Microsoft is launching Windows Phone 7 in a big way. There will be at least four phone manufacturers, Samsung, HTC, Dell and LG, and two carriers-AT&T and T-Mobile-in the U.S., along with dozens of other carriers globally. Windows Phone 7 will bring a new user interface, a new version of Mobile Office, and a new Mobile Outlook client. Your IT team will have to learn all of this, and it will have to learn how to give the new Windows Phone 7 users access to your SharePoint Server (assuming you decide that's a good thing), and you'll have to worry about security.

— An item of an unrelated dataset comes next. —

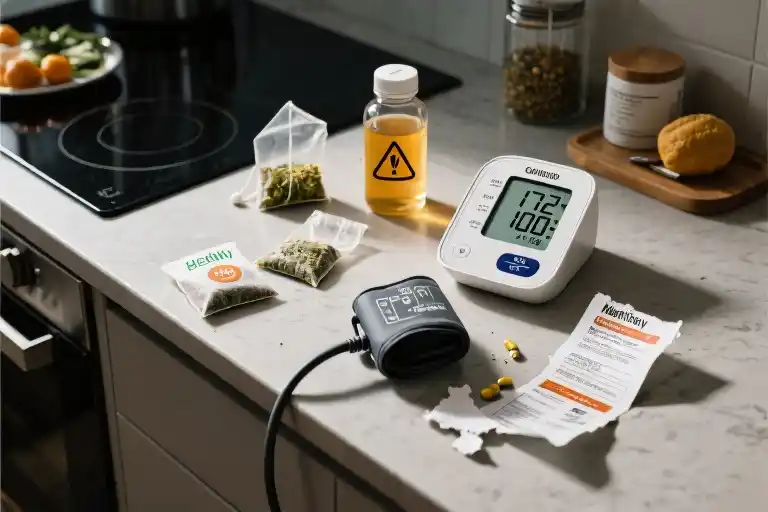 Healthy Habits That Secretly Raise Blood Pressure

It's too early to know for sure what the new user interface will bring in terms of management. While it looks suspiciously Kin-like, there's every possibility that those looks can be deceiving. But in terms of fitting in with your enterprise, the signs are encouraging at least. While we don't know yet exactly how closely the new version of Windows will interact with Exchange, previous versions were tightly integrated, and there's no reason to think this will have changed. The new version of Windows Phone 7 will let users connect to multiple Exchange servers-something that's already supported by some other smartphones.
Equally important, Microsoft is providing a solution to the issue of lost or stolen phones. Any user can log into a site on Windows Live and erase their phone, lock it, or place return instructions on the screen. This feature will also let you see where the device is physically located, so you can find it if it's in the bus company's Lost and Found department. Presumably, IT managers will have these same capabilities with Windows Phones in their companies.
In one sense, integrating the Windows Phone will be a little easier than integrating iPhones and Android devices was when they first arrived. The Microsoft Windows Phone 7 will come with features that the other devices didn't have initially, and IT staffs that are already familiar with supporting Windows Mobile 6.5 shouldn't have a huge learning curve.
The biggest downside to the Windows Phone 7 is that the device is being heavily promoted for entertainment rather than work. This means that you'll have to also deal with your employees wanting to download movies over the company network, but there are ways to control this that you probably already have in place.
Exactly how much trouble this is likely to cause your company depends a lot on just how successful the devices are. If these turn out to be really good devices that provide the users with a lot of value, then you'll probably start seeing them in large numbers, just like you did with iPhones and Android devices. On the other hand, if mobile relevance slips through Microsoft's fingers again, you'll know, because no one will be asking to put their Windows phone on the company network.